I make a lot of variations of beans and whole grains, sometimes alone or with a veggie side/mixed in. Some of my staples:

red beans and rice

beans and greens with sourdough or ww french

bean tortilla soup with cornbread

baked beans with BBQ pork sandwiches on ww buns (buy a big cut of pork, cook it in the slowcooker all day, and it lasts forever for us)

black-eyed peas with corn cakes

minestrone soup with white beans and whole grain bread

white bean/hummus with pita or tortillas

black bean salsa with tortillas

black bean burritos (even my meat-loving dh liked these) or quesodillas

pink beans and coconut

'stewed' beans and cornbread

split pea soup with bread (if you used a smoked shank it's cheaper than a ham bone and gets a good flavor still)

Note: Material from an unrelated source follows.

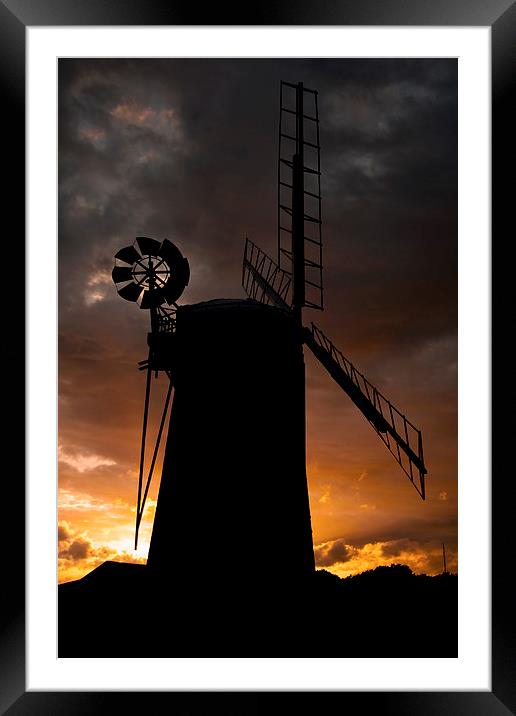 Horsey Windmill Stormy Sunset Framed Mounted Print by Duncan Monk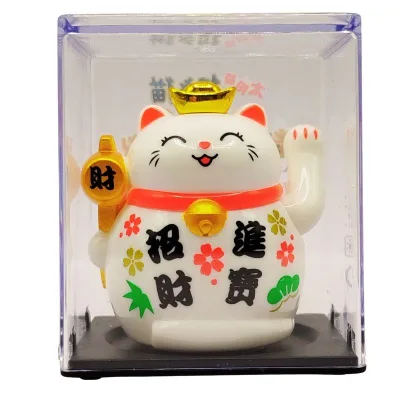 Maneki Neko Gigante Bianco - Gatto Portafortuna Giapponese con Zampa Alzata Ricchezza e Fortuna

roasted chicken thighs w/salt, pepper and lemon, with whatever veggies you want- carrots are a cheap staple here

creamy pureed soups

stir-fry with just a few bites of chicken or shrimp- say, 1-2 tenderloins or 1 breast for the 3 of us and a bunch of veggies

fried rice with egg, and asian-style veggies like soy sauce carrots or hoisin green beans

leftover oat pancakes with PB and banana (for a snack)

fried leftover oatmeal (beat an egg in it and fry it in coconut oil or butter; also as a snack)

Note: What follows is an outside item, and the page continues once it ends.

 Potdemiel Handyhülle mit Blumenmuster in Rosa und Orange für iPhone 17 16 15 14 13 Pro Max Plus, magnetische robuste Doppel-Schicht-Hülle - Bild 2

beef and veggie stew makes a small cut of beef go a long way

Wow that was more cornbread than I thought. Our commissary also carries a few nice things in the freezer section, like wild blueberries and ezekiel bread (which we weren't crazy about but i know a lot of people are). The produce leaves a lot to be desired but we just have to make do until the farmer's markets open again







Good luck!


----------



## John16n33 (Oct 7, 2009)

mommy212- Thanks so much! I will definitely have to try a bunch of these out. My Dh is a meat lover too so I have the same problem. The one cheap/healthy meal I love is pinto beans and corn bread but my Dh hates pinto beans 

Oh and I understand completely about the commissary. One of the main reasons I like the place we are stationed at now (Monterey, Ca while Dh is at the DLI) is because they have a year round farmers market and you can get great quality organic produce for really cheap.


----------



## mommy212 (Mar 2, 2010)

Lucky! DH and I like black beans and cornbread better than pinto. I cook a bag with a whole onion, 4 or 5 garlic cloves and a ham bone or smoked shank. Worth a shot!


----------



## SandraMort (Jun 19, 2003)

Black eye peas are tasty, too, and have the added advantage of not needing a pre-soak.

Sandra


----------



## miller234 (Feb 19, 2010)

I too look to reduce our food budget. You could make home made bread. I got a used bread machine at the salvation army and it works great. There are some good deals on Amazon.com - its the best kept secret. You can get a 25# of organic flour for a really good price at Amazon link:

http://www.amazon.com/Great-River-Organic-Milling-25-Pound/dp/B0049YK1W0/ref=sr_1_1?ie=UTF8&qid=1326805838&sr=8-1.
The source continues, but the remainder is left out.